Today, Clorox wipes. . .and the other wipes offered for you to clean your grocery carts, your desks, your counters, etc. My first google of "Clorox wipes toxic" brought up this report about household cleaners. The fact that it was done in Europe (where the toxicity standards are a lot higher than America, hence their toys are safer for your kids) doesn't surprise me. The findings are startling.
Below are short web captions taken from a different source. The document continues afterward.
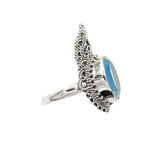 Fire Opalite Solid 925 Sterling Silver Ring 6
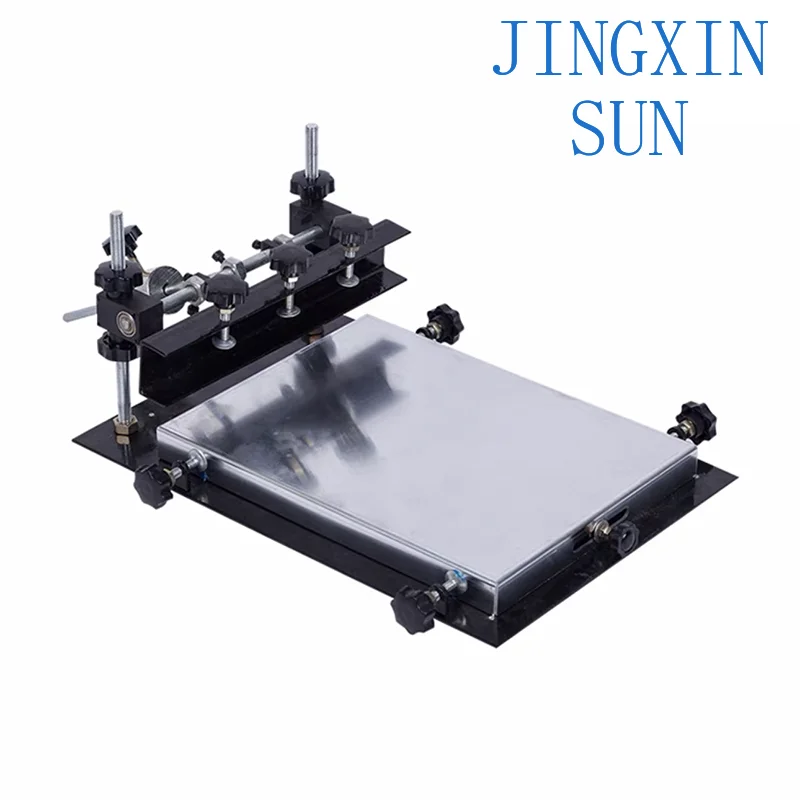 Silk Screen Printing Table, Manual Hot Stamping Table Solder Silk Screen Printing Machine, Manual Universal Fine-Tuning Printer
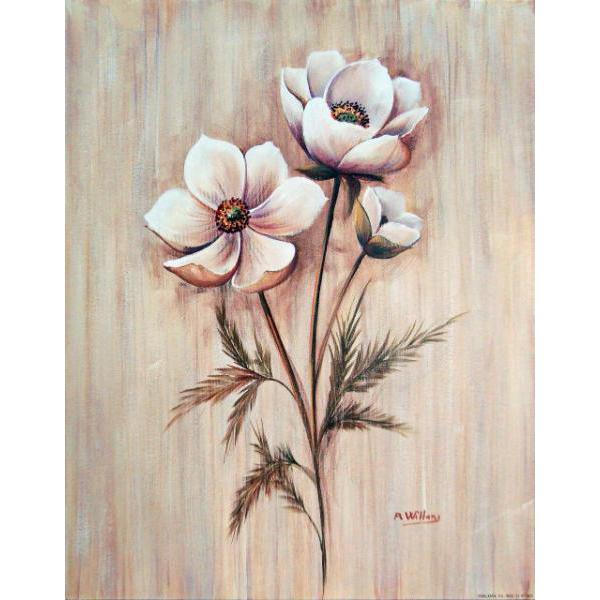 Gravura para Quadros Flores Ilustre Branca - 2107023 - 24x30 Cm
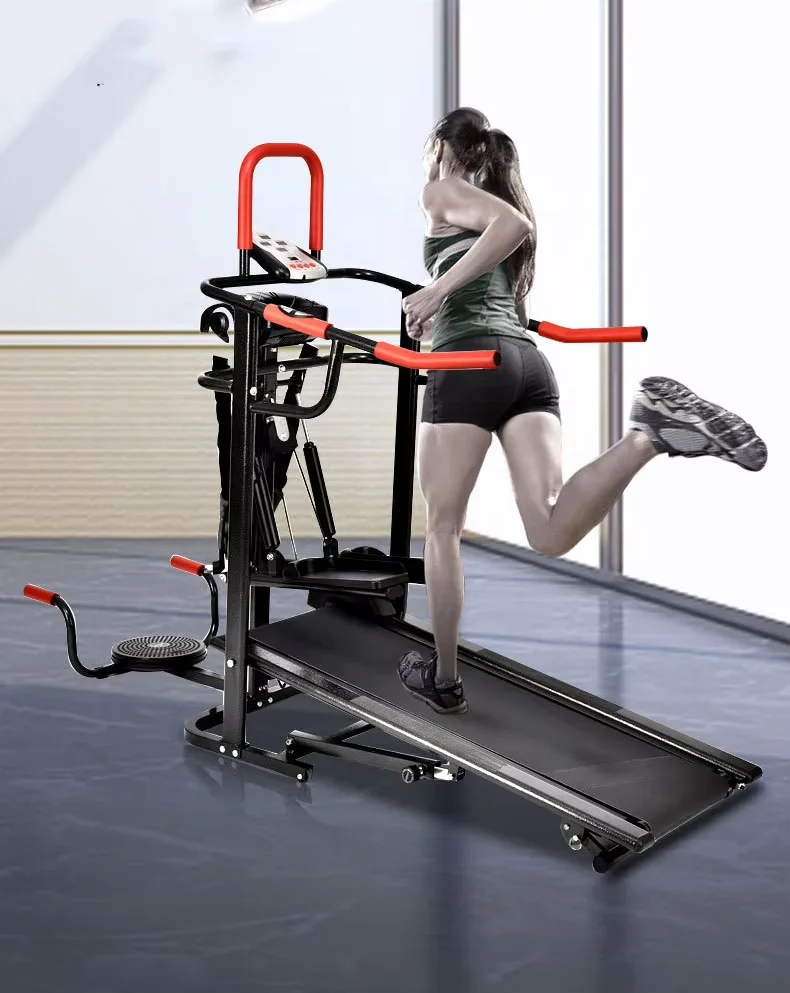 Manual Walking Treadmill with multi-function Fitness Home Auto-Folding Incline Treadmill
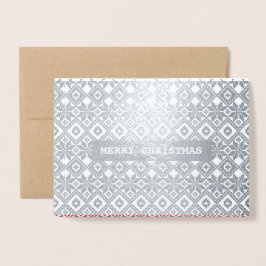 Vrolijk kerstfeest Echte Folie Luxe Aangepaste fot Kaarten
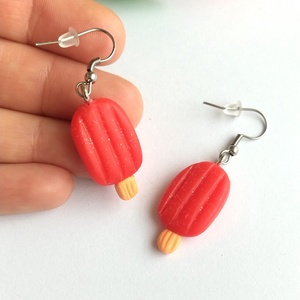 Cercei handmade inghetata pe bat din lut polimeric � inox hipoalergenic, cercei amuzanti kawaii, desert, Bijuterii, Cercei, Cercei cu figurine, Lucrare cu argila, Confectionarea bijuteriilor, ARTYNOS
You can read the entire report here, or I'll bullet point some of the more alarming stats below:

* The report examined three leading products: Clorox wipes, Pledge, and Lysol Disinfecting Spray.
* When the VOC's (Volatile Organic Compounds) were tested (keep in mind that anything above 500 is concern especially to those with sensitivities), Pledge registered at 273 ppb, Clorox at 1,000 ppb, and Lysol was 1,200 parts per million which means it was 1,000 times stronger than Clorox wipes--and we're using this to spray and "clean" our children's toys and play area?!
* Testing is going on now to determine the effect of these compounds in the workplace, and preliminary studies show that pregnant women are not only putting their own bodies at risk but also their babies'. Current findings are linking exposure to these chemicals with affecting the vision of their developing babies. (Compounds absorbed in the mother's body is transfered to the baby via the umbilical cord.)
* Clorox wipes had two primary hazardous ingredients: dimethyl benzyl ammonia chloride and dimethyl ethylbenzyl ammonia chloride--both are pesticides!
* Ingredients for Clorox wipes directly from their home page:

Water
Substrate
Isopropyl alcohol
Alkyl dimethyl benzyl ammonium chloride
Alkyl dimethyl ethylbenzyl ammonium chloride
Alkyl polyglucoside
Disodium EDTA
Fragrance
Preservative
Propylene glycol propyl ether
* Pledge doesn't list its ingredients, but one researcher found that some of the ingredients are sillicones, butane gas and propane.

I know at my local Whole Foods, they offer a wipe for cleaning off your shopping cart, but I haven't read the label yet to see what exactly I would be wiping on my cart. Please, do your research before trusting a label simply because it's on the shelf (and many think that therefore it must have been tested for safety).

There are many, many safe cleaning options to replace your Clorox wipes. This article has comprehensive list of cleaning solutions for all areas in your home. The daily green is also a good source for alternative solutions.

Which cleaners have you found that cause you to cough and choke if you get too close and inhale a little too deeply?

3 comments:

Joy said...

I don't have one to mention that makes me choke. But I just wanted to mention that I like method cleaning products.

Sarah said...

I would have to say most "regular" product do for me, if I am close enough to them/breathe enough of them. I like to use hydrogen peroxide and vinegar to sterilize - spray a little peroxide on your cutting board and watch it go to work:) I am still looking for a good (and practical) alternative to bleach for the very few things that I still use it for - any suggestions? (I use it occasionally on my worn ceramic kitchen sink and I find that most good alternatives are just really DIFFERENT chemicals, not necessarily "better".) Just a note: When using bleach use cold water only - using hot water will cause the chlorine to quickly evaporate, meaning you really are just breathing it in instead of cleaning with it!

Melissa at perryjayne.etsy.com said...

I really like to clean with vinegar/water. I use it on my counter tops and floors. The smell is gone by the time the water evaporates. It works and it's CHEAP.
But I HAVE to use comet on my sink to know I've killed the germs and bleached the stains. As for shopping carts. I'd rather deal with a little "toxic" cleaning product than the the Cold and Flu germs that are for sure there.